As evident in Fig. 7, the CID 60838/protein complex occupies a larger area in the PCA plot compared to the other complexes. This observation aligns well with the detailed analysis of the backbone motion. The larger area signifies a higher diversity of conformations explored by the CID 60838 ligand during the simulation. Conversely, the tighter clustering of the other complexes suggests a more restricted conformational space. This implies that the CID 60838 ligand exhibits greater flexibility within the binding pocket, while the other ligands adopt more well-defined conformations. Interestingly, this increased flexibility of the CID 60838 ligand might be a contributing factor to its well-stabilized interaction with the protein throughout the simulation. The ability to sample a wider range of conformations could allow the ligand to form favorable interactions with different residues within the binding pocket, distributing the energetic burden and enhancing the overall stability of the complex.

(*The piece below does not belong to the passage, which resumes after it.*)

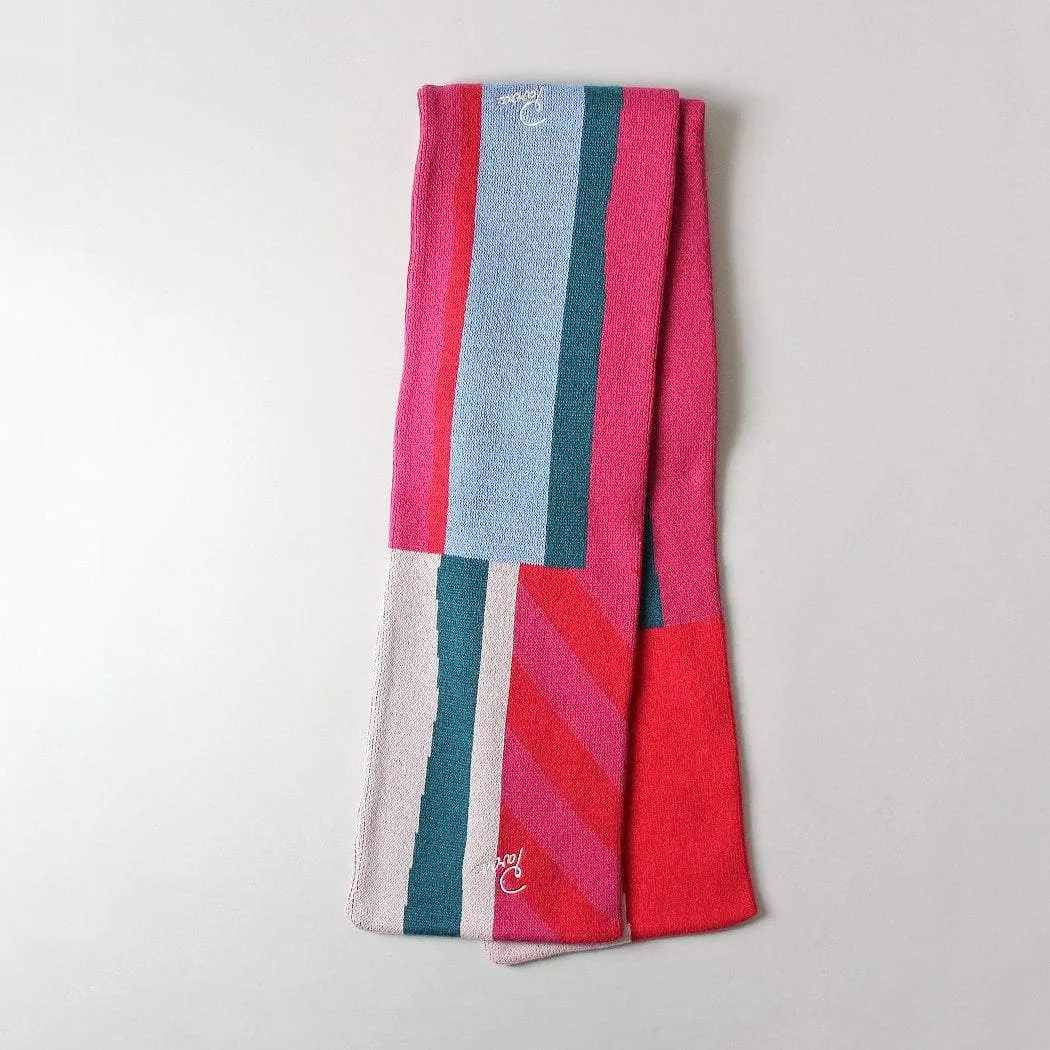 Parra Premium Striped Scarf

It is worth mentioning that the compound CID 68723 shows why H-bond formation is very important for the stability of the molecules. When we examine the whole molecular docking and MD simulations results of CID 68723; it demonstrates 4 H-bonds with its best docking pose (Table 1), it is the closest ligand to the COM of Arg32 (Fig. 3A), it has very low RMSD values (Fig. 5), and it has remarkable close distance interactions with important residues in the binding site (Fig. 6). However, its binding free energy is higher (− 13.43 kcal/mol) compared to other ligands since it makes a smaller number of H-bonds (Fig. S3) during 300 ns simulations.

Conclusions

SH2 domains are capable of recognizing phosphorylated tyrosine residues, and thus play important roles in cellular functions. This critical recognition occurs through the very well-conserved universal Arg residue which resides at the βB5 chain of SH2 domains at position 32 [37]. SH2 domains attract attention for targeting in a wide variety of disorders such as cancer, autoimmune diseases, and are potential targets for drug development [38]. The motivation of this study is to target Arg32 specifically to potentially inhibit the protein–protein interactions that occur via this specific residue. For this purpose, we have investigated the potential small molecule inhibitors of the N-SH2 domain of SHP2. After the molecular docking studies of a set of compounds retrieved from Broad Repurposing Hub and ZINC15, we focused on 10 compounds that have the best docking scores among the tested compounds for further MD analysis and binding free energy calculations by MM/PBSA. After all investigations and interpretations of in silico studies, CID 60838 (Irinotecan) has shown the best inhibitory potential against the N-SH2 domain of SHP2. Having a remarkable binding free energy (− 64.45 kcal/mol), especially interacting directly with Arg32 and other residues in the N-SH2 domain during 300 ns MD simulation makes this compound special. In conclusion, although further in vitro and in vivo studies are required, the gathered information in this study might provide a new direction for the design and development of the new inhibitors targeting the N-SH2 domain of SHP2.